Exercise brief: Look at the data below and print exactly the lines from its first line through the line with "Representantes de La"; the pictures stay out of the copy.

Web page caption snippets
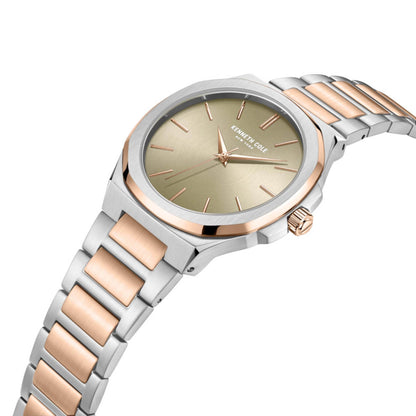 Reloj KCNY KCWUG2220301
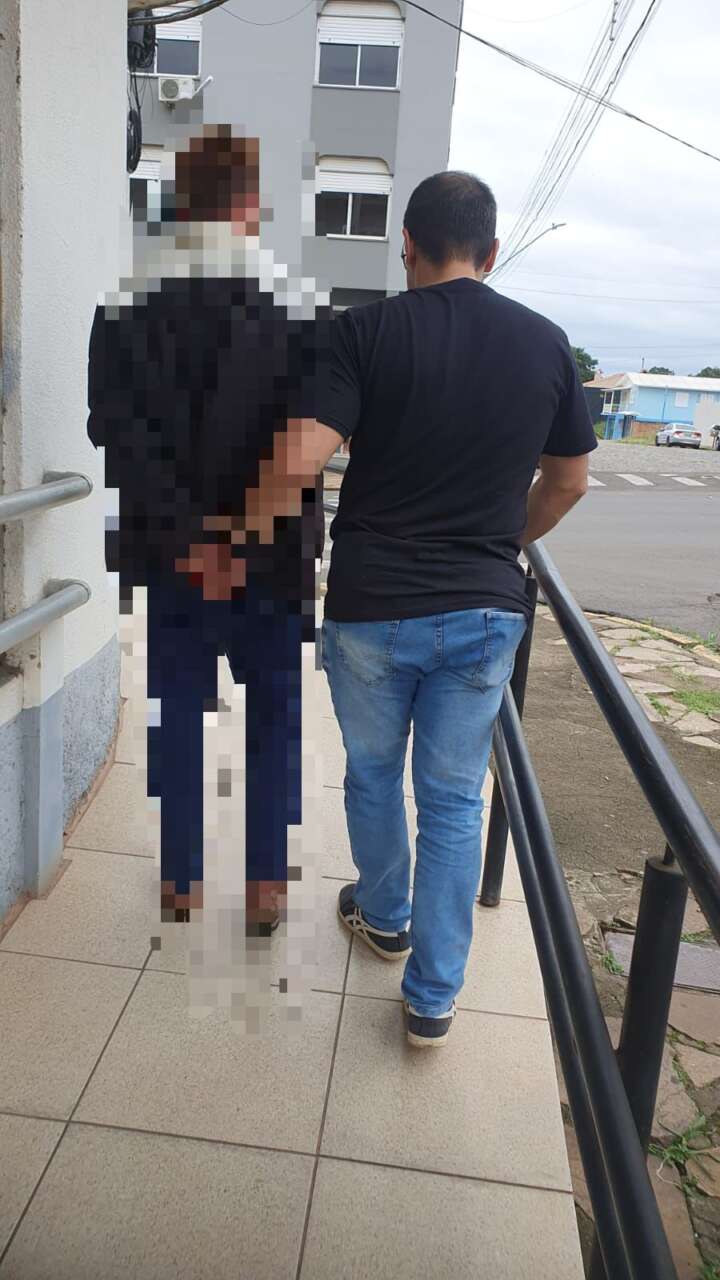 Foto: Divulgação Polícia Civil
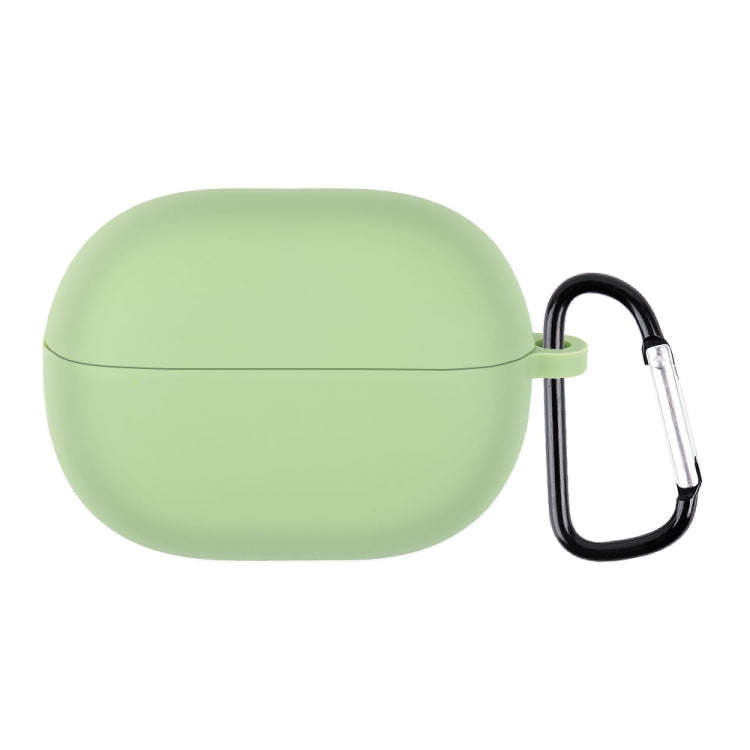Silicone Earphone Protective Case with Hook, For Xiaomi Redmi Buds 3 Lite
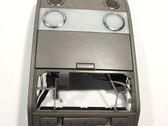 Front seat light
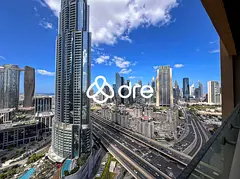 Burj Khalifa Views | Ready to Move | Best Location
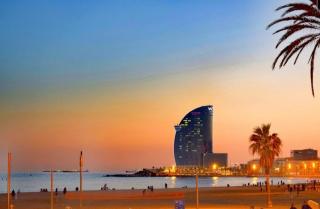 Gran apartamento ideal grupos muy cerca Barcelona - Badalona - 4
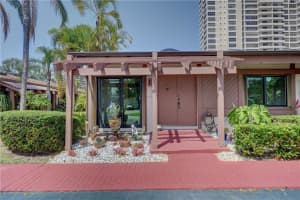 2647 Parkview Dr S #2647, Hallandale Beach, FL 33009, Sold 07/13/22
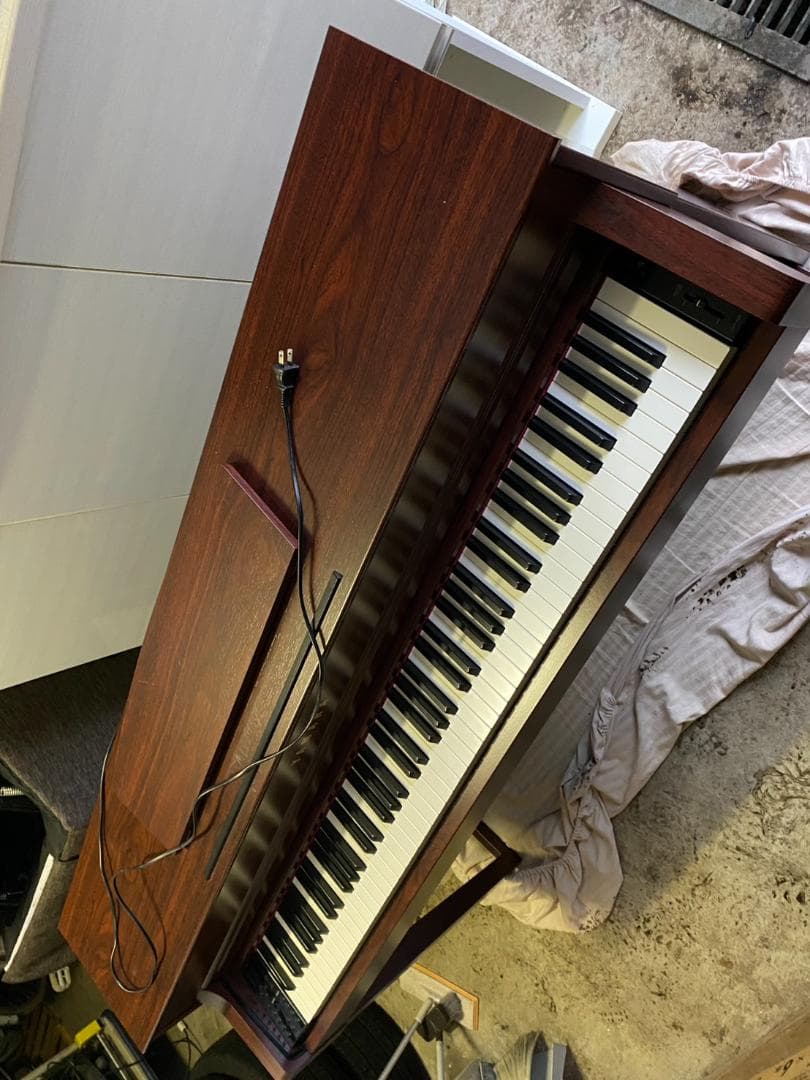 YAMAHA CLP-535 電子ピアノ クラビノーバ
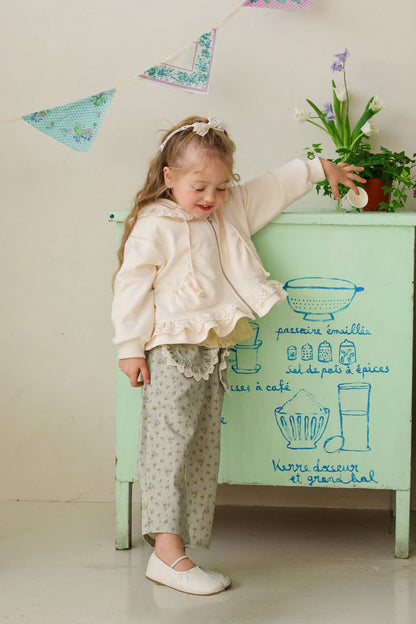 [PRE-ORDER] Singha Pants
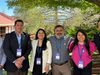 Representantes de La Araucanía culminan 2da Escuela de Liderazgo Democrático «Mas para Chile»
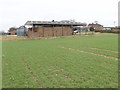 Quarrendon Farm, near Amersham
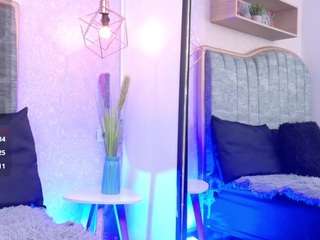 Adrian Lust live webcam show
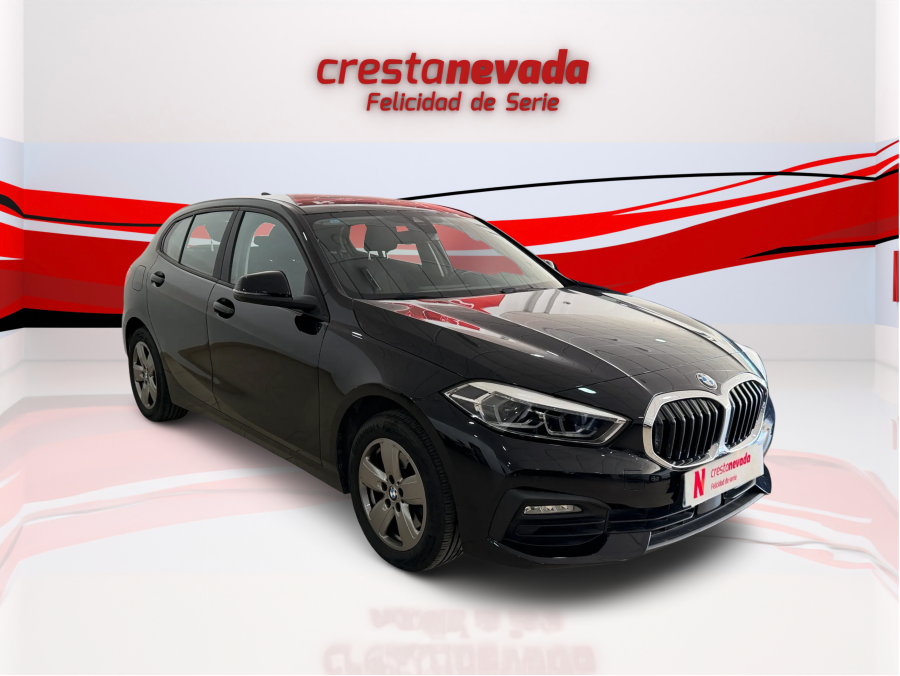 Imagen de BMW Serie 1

Solution for this task:
 Reloj KCNY KCWUG2220301
 Foto: Divulgação Polícia Civil
Silicone Earphone Protective Case with Hook, For Xiaomi Redmi Buds 3 Lite
 Front seat light
 Burj Khalifa Views | Ready to Move | Best Location
 Gran apartamento ideal grupos muy cerca Barcelona - Badalona - 4
 2647 Parkview Dr S #2647, Hallandale Beach, FL 33009, Sold 07/13/22
 YAMAHA CLP-535 電子ピアノ クラビノーバ
 [PRE-ORDER] Singha Pants
 Representantes de La Araucanía culminan 2da Escuela de Liderazgo Democrático «Mas para Chile»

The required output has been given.